- [Activity]: Print, exactly as they appear in the listing below, the lines from the line with "Come pulire il" to the line with "100% Extra-Fine Merino", with both end lines kept.
[Given data Boundary: Start]
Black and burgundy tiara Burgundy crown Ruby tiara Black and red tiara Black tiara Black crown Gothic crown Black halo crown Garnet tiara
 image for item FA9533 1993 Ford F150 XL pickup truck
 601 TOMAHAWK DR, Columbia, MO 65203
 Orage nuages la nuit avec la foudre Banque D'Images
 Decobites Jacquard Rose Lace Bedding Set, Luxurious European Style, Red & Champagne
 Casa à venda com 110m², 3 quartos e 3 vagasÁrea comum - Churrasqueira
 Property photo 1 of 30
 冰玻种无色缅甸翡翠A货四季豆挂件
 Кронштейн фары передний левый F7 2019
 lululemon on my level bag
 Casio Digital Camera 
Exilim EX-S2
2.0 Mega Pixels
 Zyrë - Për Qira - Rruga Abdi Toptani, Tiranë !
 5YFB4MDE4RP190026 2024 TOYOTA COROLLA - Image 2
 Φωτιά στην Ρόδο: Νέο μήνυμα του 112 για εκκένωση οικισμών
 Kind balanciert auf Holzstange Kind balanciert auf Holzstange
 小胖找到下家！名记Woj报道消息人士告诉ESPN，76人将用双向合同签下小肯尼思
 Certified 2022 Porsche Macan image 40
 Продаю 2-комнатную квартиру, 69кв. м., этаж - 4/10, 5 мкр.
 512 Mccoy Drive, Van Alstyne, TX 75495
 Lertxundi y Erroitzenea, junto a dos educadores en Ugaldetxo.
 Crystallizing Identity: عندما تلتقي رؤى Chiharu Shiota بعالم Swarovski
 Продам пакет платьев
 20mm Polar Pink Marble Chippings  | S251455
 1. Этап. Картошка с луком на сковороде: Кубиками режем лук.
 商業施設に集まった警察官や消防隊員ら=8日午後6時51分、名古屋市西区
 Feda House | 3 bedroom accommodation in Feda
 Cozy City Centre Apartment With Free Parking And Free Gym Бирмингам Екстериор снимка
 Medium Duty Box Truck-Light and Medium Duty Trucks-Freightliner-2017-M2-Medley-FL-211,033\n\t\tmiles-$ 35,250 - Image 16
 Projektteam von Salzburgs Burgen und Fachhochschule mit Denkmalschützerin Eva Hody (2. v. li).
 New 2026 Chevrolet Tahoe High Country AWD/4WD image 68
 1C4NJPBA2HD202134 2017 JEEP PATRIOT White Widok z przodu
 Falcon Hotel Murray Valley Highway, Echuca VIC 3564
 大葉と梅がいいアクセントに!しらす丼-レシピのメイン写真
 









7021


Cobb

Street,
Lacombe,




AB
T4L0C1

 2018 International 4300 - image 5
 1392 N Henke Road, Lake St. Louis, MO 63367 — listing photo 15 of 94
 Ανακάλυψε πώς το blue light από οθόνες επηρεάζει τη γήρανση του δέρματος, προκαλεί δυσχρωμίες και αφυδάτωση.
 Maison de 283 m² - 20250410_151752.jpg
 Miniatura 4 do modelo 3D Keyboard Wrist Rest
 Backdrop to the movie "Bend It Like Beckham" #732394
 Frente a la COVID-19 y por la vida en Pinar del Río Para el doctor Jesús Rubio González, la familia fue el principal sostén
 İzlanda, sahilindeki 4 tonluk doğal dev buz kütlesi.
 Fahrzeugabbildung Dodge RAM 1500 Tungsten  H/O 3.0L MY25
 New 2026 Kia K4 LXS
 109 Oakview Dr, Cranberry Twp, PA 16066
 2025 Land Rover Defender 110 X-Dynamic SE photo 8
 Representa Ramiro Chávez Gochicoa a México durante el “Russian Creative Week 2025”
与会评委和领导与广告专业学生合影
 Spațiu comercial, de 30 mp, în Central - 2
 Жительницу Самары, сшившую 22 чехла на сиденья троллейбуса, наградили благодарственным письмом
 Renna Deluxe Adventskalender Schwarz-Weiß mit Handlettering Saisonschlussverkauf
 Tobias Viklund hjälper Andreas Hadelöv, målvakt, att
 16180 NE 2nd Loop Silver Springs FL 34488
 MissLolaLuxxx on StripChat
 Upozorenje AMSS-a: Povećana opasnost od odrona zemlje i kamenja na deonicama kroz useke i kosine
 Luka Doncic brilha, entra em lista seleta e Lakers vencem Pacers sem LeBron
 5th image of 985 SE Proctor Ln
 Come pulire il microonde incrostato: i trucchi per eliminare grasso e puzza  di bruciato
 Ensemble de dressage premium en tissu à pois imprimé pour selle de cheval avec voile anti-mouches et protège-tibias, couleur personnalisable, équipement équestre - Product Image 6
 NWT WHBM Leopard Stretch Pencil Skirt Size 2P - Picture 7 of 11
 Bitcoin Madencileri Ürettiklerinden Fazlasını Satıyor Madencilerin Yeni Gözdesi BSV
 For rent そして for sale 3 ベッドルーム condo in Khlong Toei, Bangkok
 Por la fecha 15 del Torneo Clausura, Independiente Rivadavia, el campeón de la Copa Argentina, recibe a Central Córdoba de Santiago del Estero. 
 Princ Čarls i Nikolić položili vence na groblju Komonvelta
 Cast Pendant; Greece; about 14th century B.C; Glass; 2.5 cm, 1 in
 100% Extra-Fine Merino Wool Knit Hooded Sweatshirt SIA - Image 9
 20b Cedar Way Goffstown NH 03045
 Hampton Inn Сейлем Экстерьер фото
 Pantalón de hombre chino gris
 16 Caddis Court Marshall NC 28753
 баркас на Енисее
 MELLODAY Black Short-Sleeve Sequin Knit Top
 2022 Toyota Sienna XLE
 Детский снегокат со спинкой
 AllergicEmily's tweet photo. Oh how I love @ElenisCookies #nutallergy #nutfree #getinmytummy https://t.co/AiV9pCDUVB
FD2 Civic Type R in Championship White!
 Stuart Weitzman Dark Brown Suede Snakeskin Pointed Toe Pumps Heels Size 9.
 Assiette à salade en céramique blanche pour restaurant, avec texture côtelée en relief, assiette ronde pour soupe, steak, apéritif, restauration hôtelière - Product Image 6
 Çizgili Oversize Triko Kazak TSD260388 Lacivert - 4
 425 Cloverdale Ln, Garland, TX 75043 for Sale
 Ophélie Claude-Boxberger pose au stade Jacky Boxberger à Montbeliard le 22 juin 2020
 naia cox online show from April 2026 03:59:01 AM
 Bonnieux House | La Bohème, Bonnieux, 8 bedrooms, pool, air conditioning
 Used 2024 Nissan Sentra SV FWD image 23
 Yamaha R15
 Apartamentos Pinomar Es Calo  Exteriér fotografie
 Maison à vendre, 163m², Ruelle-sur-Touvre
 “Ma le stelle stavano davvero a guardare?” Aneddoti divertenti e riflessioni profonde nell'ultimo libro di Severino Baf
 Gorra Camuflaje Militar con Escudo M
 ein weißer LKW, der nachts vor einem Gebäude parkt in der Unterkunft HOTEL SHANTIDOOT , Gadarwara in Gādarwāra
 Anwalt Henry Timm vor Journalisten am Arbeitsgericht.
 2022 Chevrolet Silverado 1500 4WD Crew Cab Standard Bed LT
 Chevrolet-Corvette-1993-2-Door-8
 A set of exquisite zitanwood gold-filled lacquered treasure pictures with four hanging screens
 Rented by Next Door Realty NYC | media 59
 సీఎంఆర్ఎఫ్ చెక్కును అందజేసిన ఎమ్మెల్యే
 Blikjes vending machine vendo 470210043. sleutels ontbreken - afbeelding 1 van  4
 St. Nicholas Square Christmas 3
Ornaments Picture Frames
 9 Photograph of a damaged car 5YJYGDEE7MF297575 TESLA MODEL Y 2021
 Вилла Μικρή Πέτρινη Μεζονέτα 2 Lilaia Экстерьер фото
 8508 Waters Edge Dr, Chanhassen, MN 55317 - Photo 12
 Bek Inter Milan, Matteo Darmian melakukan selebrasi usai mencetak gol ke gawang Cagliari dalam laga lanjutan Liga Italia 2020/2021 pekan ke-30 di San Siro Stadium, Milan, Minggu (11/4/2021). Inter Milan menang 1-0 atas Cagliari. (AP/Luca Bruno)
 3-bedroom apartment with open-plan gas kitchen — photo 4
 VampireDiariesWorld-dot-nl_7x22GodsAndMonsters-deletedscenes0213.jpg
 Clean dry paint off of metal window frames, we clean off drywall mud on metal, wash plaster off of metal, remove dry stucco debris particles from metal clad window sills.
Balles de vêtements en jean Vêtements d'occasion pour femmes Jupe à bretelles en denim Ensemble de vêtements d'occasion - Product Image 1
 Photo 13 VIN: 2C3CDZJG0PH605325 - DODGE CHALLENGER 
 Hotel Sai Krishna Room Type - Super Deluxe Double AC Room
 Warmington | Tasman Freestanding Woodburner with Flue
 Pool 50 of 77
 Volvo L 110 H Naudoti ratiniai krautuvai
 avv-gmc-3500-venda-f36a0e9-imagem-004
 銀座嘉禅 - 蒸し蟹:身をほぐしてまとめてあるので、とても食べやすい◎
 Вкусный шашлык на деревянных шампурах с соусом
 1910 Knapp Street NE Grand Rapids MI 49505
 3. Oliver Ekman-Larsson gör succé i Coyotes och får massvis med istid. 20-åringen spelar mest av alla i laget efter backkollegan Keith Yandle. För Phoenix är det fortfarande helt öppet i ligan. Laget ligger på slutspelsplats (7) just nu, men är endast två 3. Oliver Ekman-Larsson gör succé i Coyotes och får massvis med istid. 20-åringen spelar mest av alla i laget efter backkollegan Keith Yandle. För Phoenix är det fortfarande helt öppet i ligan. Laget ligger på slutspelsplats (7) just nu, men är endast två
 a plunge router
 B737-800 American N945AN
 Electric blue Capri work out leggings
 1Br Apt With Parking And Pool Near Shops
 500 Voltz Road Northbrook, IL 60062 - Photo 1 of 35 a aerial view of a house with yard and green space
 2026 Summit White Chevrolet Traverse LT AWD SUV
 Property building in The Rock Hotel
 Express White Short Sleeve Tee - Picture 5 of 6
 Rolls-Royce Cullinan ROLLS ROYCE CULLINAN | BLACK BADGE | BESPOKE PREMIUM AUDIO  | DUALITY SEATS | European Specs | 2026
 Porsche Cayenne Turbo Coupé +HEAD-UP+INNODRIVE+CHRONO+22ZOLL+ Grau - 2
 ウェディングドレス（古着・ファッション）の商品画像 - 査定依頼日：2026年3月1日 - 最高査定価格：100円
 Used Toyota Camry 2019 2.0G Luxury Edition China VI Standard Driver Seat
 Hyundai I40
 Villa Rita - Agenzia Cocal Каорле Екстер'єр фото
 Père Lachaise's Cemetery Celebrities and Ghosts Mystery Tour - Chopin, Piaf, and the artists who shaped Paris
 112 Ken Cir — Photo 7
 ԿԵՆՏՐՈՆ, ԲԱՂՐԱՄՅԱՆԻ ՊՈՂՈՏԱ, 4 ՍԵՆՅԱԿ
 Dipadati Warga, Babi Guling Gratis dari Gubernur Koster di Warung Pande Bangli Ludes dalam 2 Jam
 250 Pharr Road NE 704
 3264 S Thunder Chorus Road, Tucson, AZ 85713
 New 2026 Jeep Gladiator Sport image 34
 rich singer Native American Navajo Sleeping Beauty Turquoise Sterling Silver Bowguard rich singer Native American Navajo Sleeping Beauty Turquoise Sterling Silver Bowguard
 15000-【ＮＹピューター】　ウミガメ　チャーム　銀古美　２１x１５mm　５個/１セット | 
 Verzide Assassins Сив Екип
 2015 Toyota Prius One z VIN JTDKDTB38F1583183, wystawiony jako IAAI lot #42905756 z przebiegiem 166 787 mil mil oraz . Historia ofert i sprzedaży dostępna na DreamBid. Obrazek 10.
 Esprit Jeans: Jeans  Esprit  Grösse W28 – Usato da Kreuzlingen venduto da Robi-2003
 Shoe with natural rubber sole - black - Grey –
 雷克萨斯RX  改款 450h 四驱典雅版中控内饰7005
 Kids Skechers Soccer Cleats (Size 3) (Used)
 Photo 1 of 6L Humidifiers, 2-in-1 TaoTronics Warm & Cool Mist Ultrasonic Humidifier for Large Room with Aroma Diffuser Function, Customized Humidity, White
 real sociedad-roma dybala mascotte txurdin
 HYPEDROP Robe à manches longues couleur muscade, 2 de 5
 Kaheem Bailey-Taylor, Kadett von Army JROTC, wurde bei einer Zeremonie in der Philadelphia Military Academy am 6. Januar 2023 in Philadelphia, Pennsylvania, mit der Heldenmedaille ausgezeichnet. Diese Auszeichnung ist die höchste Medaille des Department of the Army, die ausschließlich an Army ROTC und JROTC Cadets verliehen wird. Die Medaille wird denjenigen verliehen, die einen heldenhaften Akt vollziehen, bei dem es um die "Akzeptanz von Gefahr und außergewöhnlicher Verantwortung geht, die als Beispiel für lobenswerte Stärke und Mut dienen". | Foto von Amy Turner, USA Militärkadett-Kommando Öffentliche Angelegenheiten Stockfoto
[Given data Boundary: End]
- [Answer area]:
 Come pulire il microonde incrostato: i trucchi per eliminare grasso e puzza  di bruciato
 Ensemble de dressage premium en tissu à pois imprimé pour selle de cheval avec voile anti-mouches et protège-tibias, couleur personnalisable, équipement équestre - Product Image 6
 NWT WHBM Leopard Stretch Pencil Skirt Size 2P - Picture 7 of 11
 Bitcoin Madencileri Ürettiklerinden Fazlasını Satıyor Madencilerin Yeni Gözdesi BSV
 For rent そして for sale 3 ベッドルーム condo in Khlong Toei, Bangkok
 Por la fecha 15 del Torneo Clausura, Independiente Rivadavia, el campeón de la Copa Argentina, recibe a Central Córdoba de Santiago del Estero. 
 Princ Čarls i Nikolić položili vence na groblju Komonvelta
 Cast Pendant; Greece; about 14th century B.C; Glass; 2.5 cm, 1 in
 100% Extra-Fine Merino Wool Knit Hooded Sweatshirt SIA - Image 9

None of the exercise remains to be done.